Gute, brauchbare, nützliche Lektüre, aber zu oberflächlich, und praktisch keine Lösungsvorschläge. Im Vergleich zur Qualität der beiden vorangegangenen Bücher ein spürbarer Abfall.

PS 12.05.2024

In diesem Buch klärt Thilo Sarrazin auch eine üble Nachrede auf, die heute weit verbreitet ist. Es kursiert ein Video, in dem es so aussieht, als ob Sarrazin einen abstoßenden und eindeutig rassistischen Vergleich zwischen der Pferdezucht und der Vermischung von Deutschen mit Migranten zieht (Kreuzung von edlen Lipizzanern mit belgischen Ackergäulen). Doch das Video ist ein unzulässiger Zusammenschnitt zweier getrennter Passagen, die zusammen eine Aussage ergeben, die Sarrazin nie getätigt hat.

Diese angebliche Aussage passt auch gar nicht zu den tatsächlichen Aussagen in Sarrazins erstem Buch Deutschland schafft sich ab: Dort schreibt Sarrazin z.B., dass Mischehen von Deutschen und Zuwanderern Zeichen einer gelungenen Integration sind. Und Sarrazin schreibt dort auch klipp und klar, dass die Probleme mit Muslimen nicht auf genetische Ursachen zurückgeführt werden können, sondern auf kulturelle Gründe. Dieses Video (es soll aus einer WDR-Sendung stammen) kommentiert Thilo Sarrazin nun wie folgt:

„Aber die Autoren filmten eine zweistündige öffentliche Lesung in Döbeln in Sachsen ab, offenbar in der Hoffnung, ‚kompromittierendes‘ Material zu bekommen. Sie fanden nichts und entschieden sich zu einer Fälschung: Zwei Redeabschnitte, die 45 Minuten auseinander lagen, wurden zusammengeschnitten: Im ersten sprach ich über die Erblichkeit von Eigenschaften und benutzte ein Beispiel aus der Pferdezucht. Im zweiten Abschnitt referierte ich Daten über die Bildungsleistung muslimischer Migranten. Der Zusammenschnitt ergab den zwingenden Eindruck: Sarrazin führt die geringe Bildungsleistung muslimischer Migranten auf genetische Einflüsse zurück.“

Bewertung: 4 von 5 Punkten.

(Erstveröffentlichung auf Amazon am 05. April 2014)
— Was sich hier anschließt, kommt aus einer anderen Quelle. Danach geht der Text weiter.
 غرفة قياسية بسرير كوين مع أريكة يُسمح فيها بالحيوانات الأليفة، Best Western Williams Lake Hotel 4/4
Thilo Sarrazin: Europa braucht den Euro nicht – Wie uns politisches Wunschdenken in die Krise geführt hat (2012)

Sachlich brilliant – linker Zeitgeist als tiefere Ursache

Wie immer schildert Sarrazin ganz sachlich die Zusammenhänge, wie man sie selten so geduldig und ausführlich erklärt bekommt. Man erfährt auch manches, was man selbst als aufmerksamer Zeitungsleser noch nicht wusste: Dass z.B. hohe Staatsschulden kein Problem sind, wenn der Staat bei seinen eigenen Bürgern verschuldet ist, aber dafür niedrige Steuern hat, wie z.B. Japan; aber das ist ein Randthema. Sehr gut auch die Erkenntnis von Sarrazin, dass ein Goldstandard in der Währung nichts nützt, wenn auch hier die Regeln nicht eingehalten werden (Bretton Woods). Das entscheidende sind gute Regeln und wirksame Mechanismen, die deren Einhaltung tatsächlich garantieren bzw. Übertretungen konsequent abstrafen. Dabei ist es egal, ob Goldstandard oder „Papierwährung“. Die DM war auch eine „Papierwährung“ und hatte wunderbar funktioniert.
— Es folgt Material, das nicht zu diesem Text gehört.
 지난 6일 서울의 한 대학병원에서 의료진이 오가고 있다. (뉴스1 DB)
Auf dieser sicheren Sachgrundlage führt Sarrazin dann eine klar nachvollziehbare Argumentation, warum man einen Schuldner nicht aus seiner Schuldenkultur herausholen kann, indem man ihm immer mehr Geld zusteckt; hier ist „moral hazard“ das Schlüsselwort, mit vielen Beispielen aus der Vergangenheit, wo dies ebenfalls scheiterte. Politik handelt nun einmal unter dem Druck verschiedener Interessen, und wenn man den Druck zu Reformen lockert, finden sie eben nicht statt. Sarrazin erklärt weiter, warum vertragliche Zusagen das Papier der Verträge nicht wert sind, auf dem sie gedruckt stehen, wenn kein wirksamer Mechanismus zur Durchsetzung dahinter steht; warum die Geldempfänger ihre Geldgeber keineswegs lieben, sondern im Gegenteil zu hassen und zu verachten beginnen; warum also der ganze Euro-„Rettungs“- Wahnsinn ein Wahnsinn ist, der ins Unglück führt, statt ins Paradies eines vereinten Europa.

Der einzig richtige Weg ist der argentinische Weg: Griechenland muss Bankrott erklären, aus dem Euro raus, abwerten, und dann wird es nach einer kurzen Phase der Turbulenzen wieder auf Kurs sein. Statt diesen ehrlichen, realistischen, gerechten und marktwirtschaftlichen Weg zu gehen, der keinesfalls die ganz große Katastrophe sondern vielmehr die handhabbare „kleine“ Katastrophe wäre, geht Europa derzeit aus ideologischen Gründen (Europagläubigkeit, Sozialgläubigkeit) den Weg der Planwirtschaft und Entdemokratisierung, den Weg der Ausbeutung der Fleissigen und Erfolgreichen (Deutschland …) und der demütigenden Gängelung und Bevormundung der Verschuldeten, der immer tiefer in die Misere führt, statt aus ihr heraus.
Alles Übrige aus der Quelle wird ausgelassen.